It is unreasonable to assume that all of a sudden economic harvesting of earth'S ressources will be stopped, that growth will not continue as more and more people make a demand to live in the same material conditions like Eurpeans and Americans, that there will be given a moratorium to the planet in which we harvest even less than what would be sustainable, so that the planet can recover, and just after that we would increase economic growth to the level of enduring sustainability. The examples of carmakers, energy companies and oil companies show that progress gets prevented and hindered massively to protect short-termed profit interests, and not before the damage already is done and is FUBAR, claims are made that now one wants to focus on new energy, alternative car engines etc. what is happening right now, is blind actionism. The IPCC board some months ago admitted that their studies have one major flaw even in their already pessimistic conclusions: it is too optimistic because they were basing on the assumption that from the date of publishing on all climate goals and procedures to reach them would get implemented immediately. They did not calculate the effects of what it will mean if growth rate and industrial harvesting continues at the rates that are to be expected with the growing population and the growing demand of the third world to get access to Western living style.
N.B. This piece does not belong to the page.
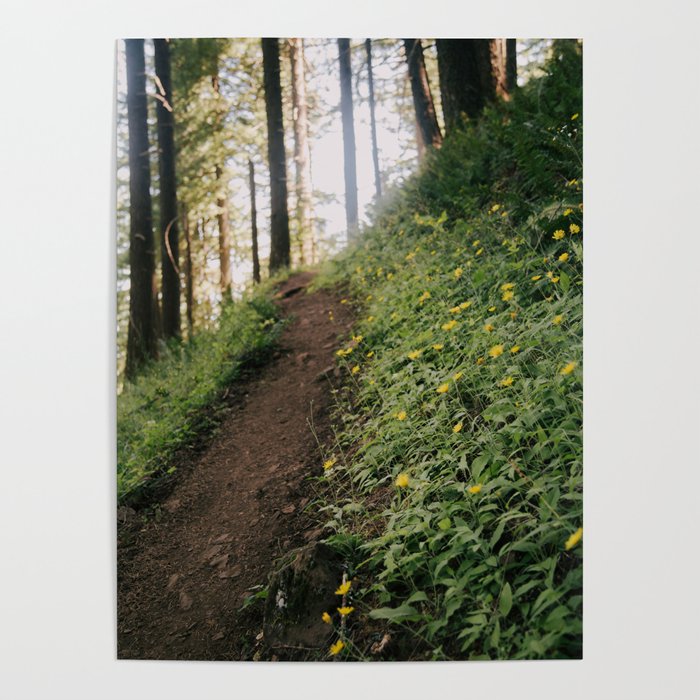 Dandelion Trail Poster Gallery Image 4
This madness of constant growth, unlimited growth, economic growth, always, always, always growth - that is not the remedy for our self-made desaster, it is the cause and origin of it. The complete traditional economy theory is a mess, and it has led us to where we are. The financial meltdown illustrated that the finacial dogma is a mess, too. Both need to be replaced, and I do not see that that is possible without mankind bleeding terribly at the time one starts thinking of that. the loss of life we already cause right now by our western life style may claim millions and millions already. but it is only the introduction for the things to come, and not before the agony has reached our own homelands, people will see a need to stop doing like they have done until then. and it is a reasonable estimation that then it will be too late, since long. Pain is the best teacher, but it may come too late.

Maybe it already is right now. What has been started by man has an autonomous dynamic, a swing-by-mass, that will not stop from one day to the other just becasue we switch off all coal powerplants, for example, or reduce the numbers of cars in general, and forbid fossil engines altogether. The proecesses you see right now in most scientific fields are expected to carry on for at least 50-100 years even if all input into the planet's systems caused by man would stop from one day to the other. Considering the massive revolutions of the conditions of the oceans over the past couple of decades it is reasonable to say that some of these processes may even run on for millenias from now on, with all the interactive consequences coming from that. We have accelearted the speed at which earth chnages naturall by factors in the four-digit range - and that acceleration you cannot explain with sun activity and climate macro-cycles, for earth history shows that such things take much longer time to take place .The question wether man has caused it or not, is of little moral value anymore anyway, although realising that we are responsible seem to be a precondition for us to stop acting foolishly and further speed up our civilisational suicide. payed sceptics will ignore it until hell freezes over, and even then try to relativise the new temperatures, but the correlations between when these effects started and the beginning of man's activities starting to contribute input into the global system, are massively, overwhelmingly, and stunning. The probability that a.)the simultaneity of these processes suddenly speeding up by factors of hundreds, sometimes thousands, and b.) man's spread and growing economic activity all over the planet, is by random chance only, and that it'S consequences are meaningless and nullified by sun activity and climatic macrocycles, tends to go towards zero.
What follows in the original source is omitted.